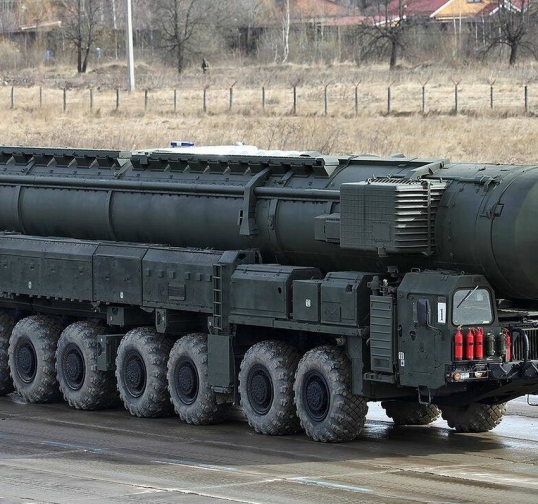 La doctrina nuclear de Rusia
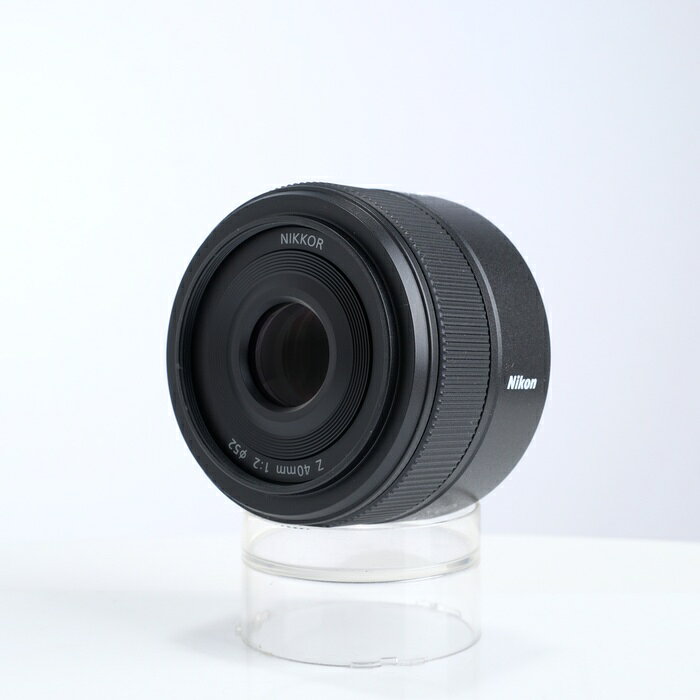 Nikon NIKKOR Z 40mm f/2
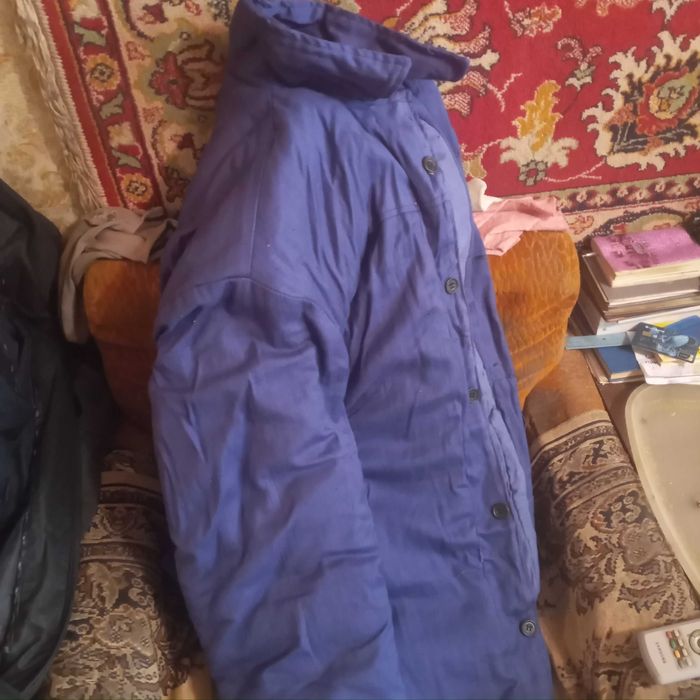 Бушлат новый 54 размер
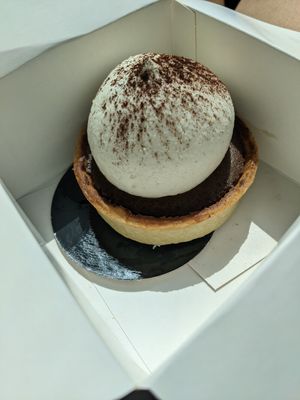 tiramisu to go at Zoï Kitchen - La Boutique in Lyon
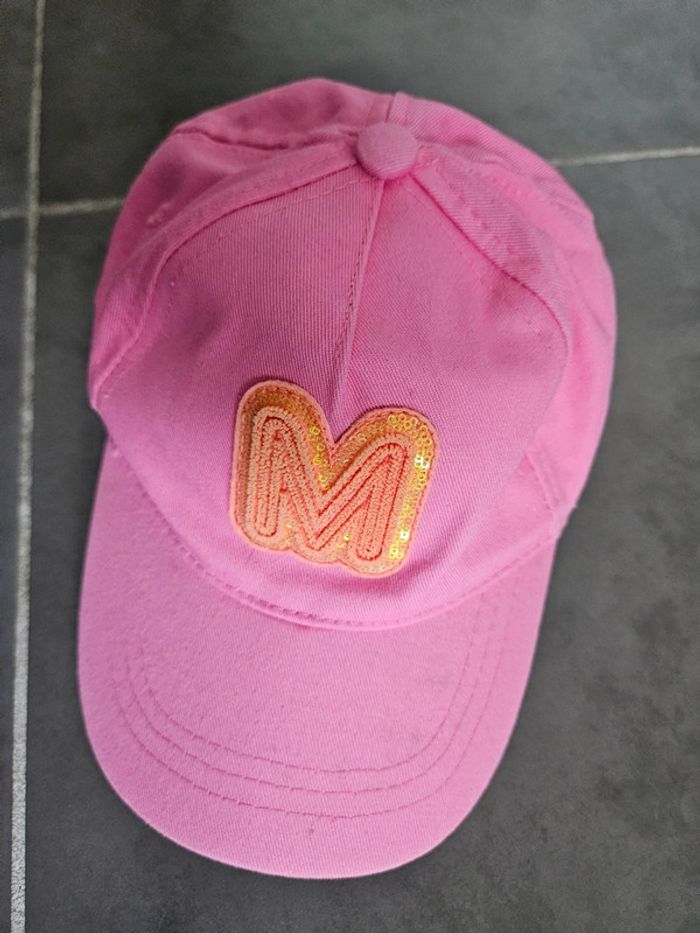 Casquette fille 4-5 ans Excellent état, très très peu portée - photo numéro 5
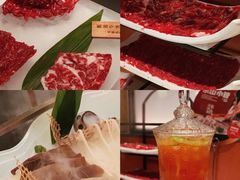 -左庭右院鲜牛肉火锅(苏州园区永旺店)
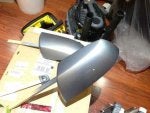 Auto part Vehicle Fender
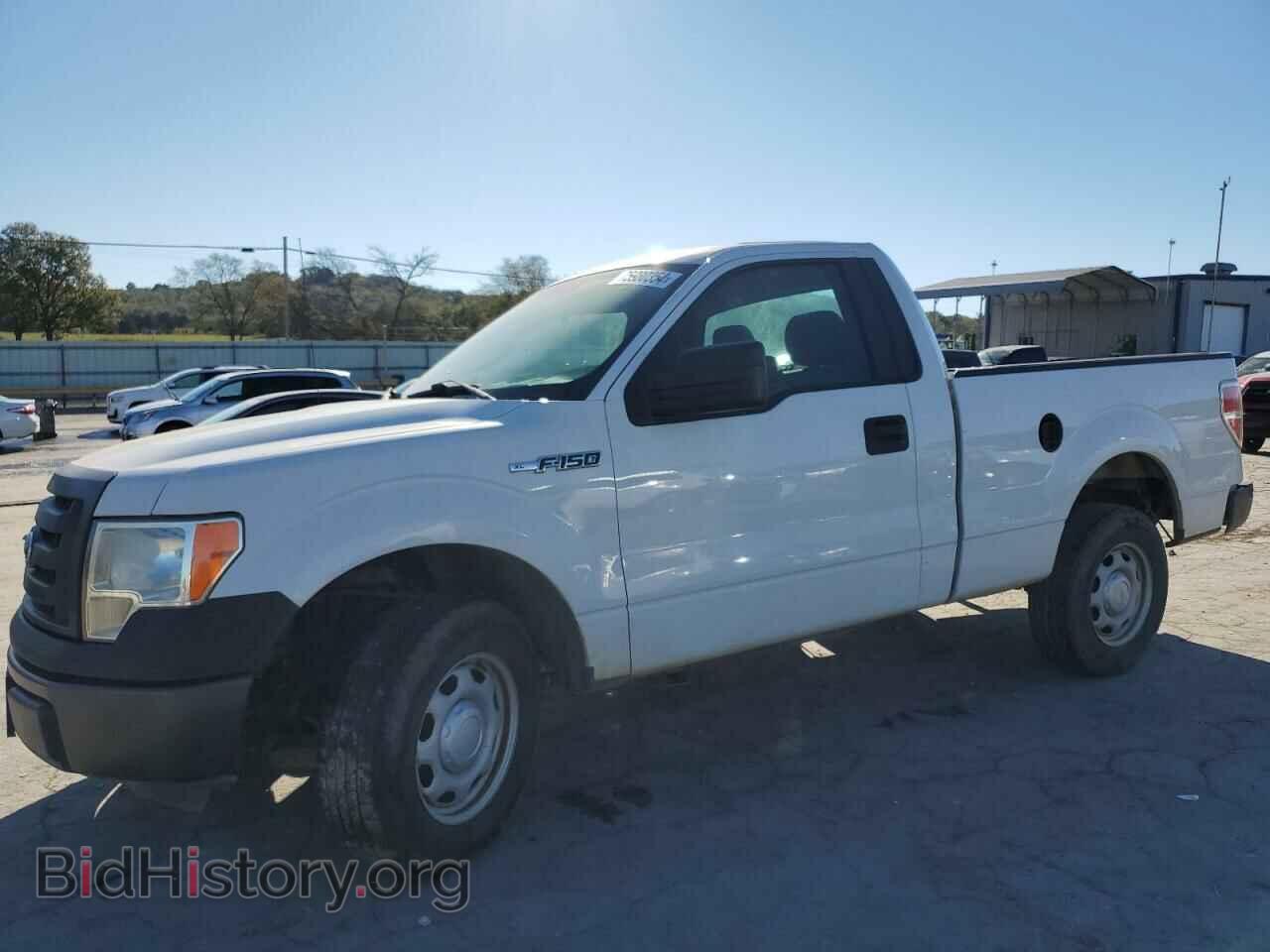 Photo 1FTMF1CF5CFB44263 - FORD All Models 2012
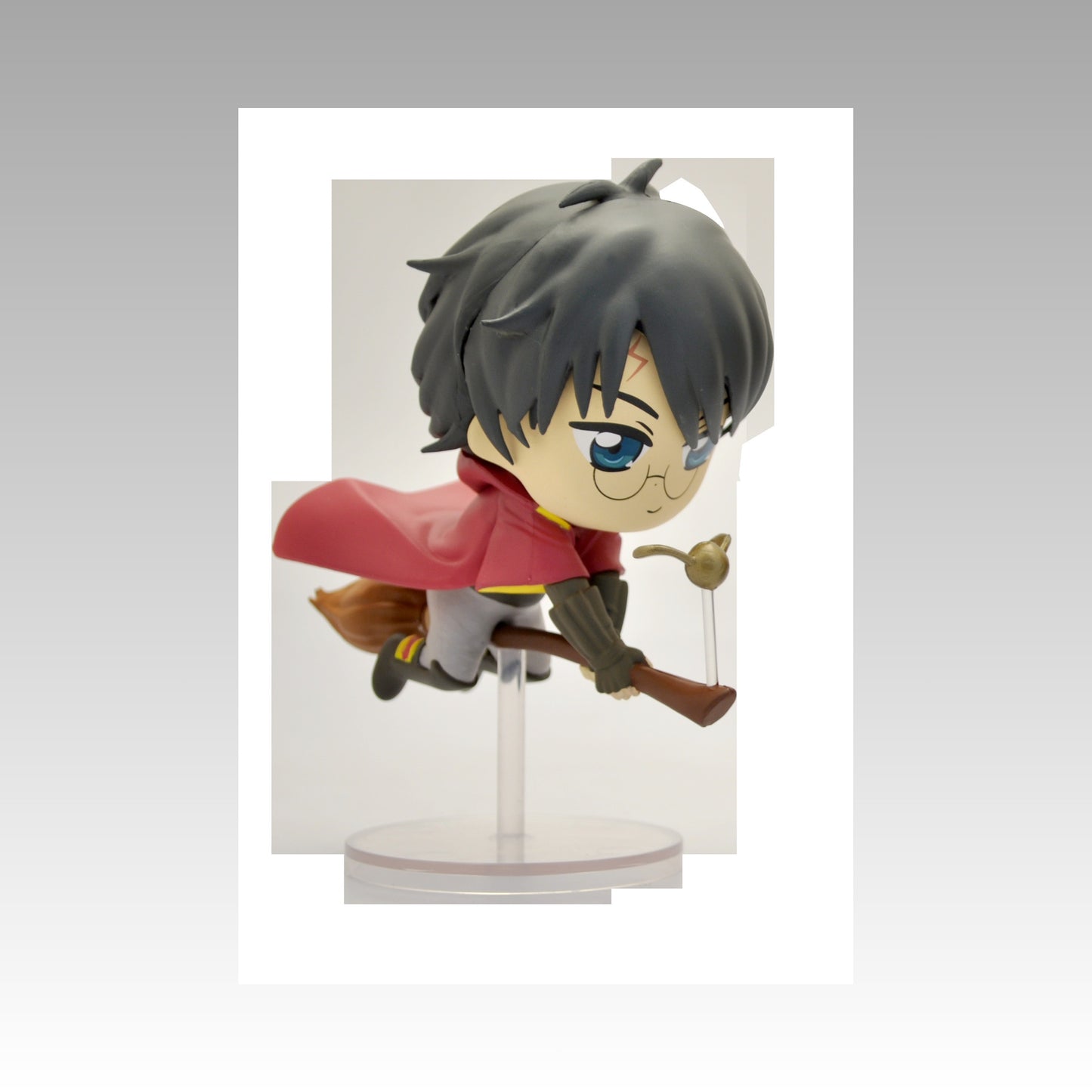 Figurine Harry Potter Quidditch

PROBLEM DETAILS
Go back to the records above and write them out exactly, without the pictures.

COMPLETED EXERCISE
 La doctrina nuclear de Rusia
 Nikon NIKKOR Z 40mm f/2
 Бушлат новый 54 размер
 tiramisu to go at Zoï Kitchen - La Boutique in Lyon
 Casquette fille 4-5 ans Excellent état, très très peu portée - photo numéro 5
 -左庭右院鲜牛肉火锅(苏州园区永旺店)
 Auto part Vehicle Fender
 Photo 1FTMF1CF5CFB44263 - FORD All Models 2012
 Figurine Harry Potter Quidditch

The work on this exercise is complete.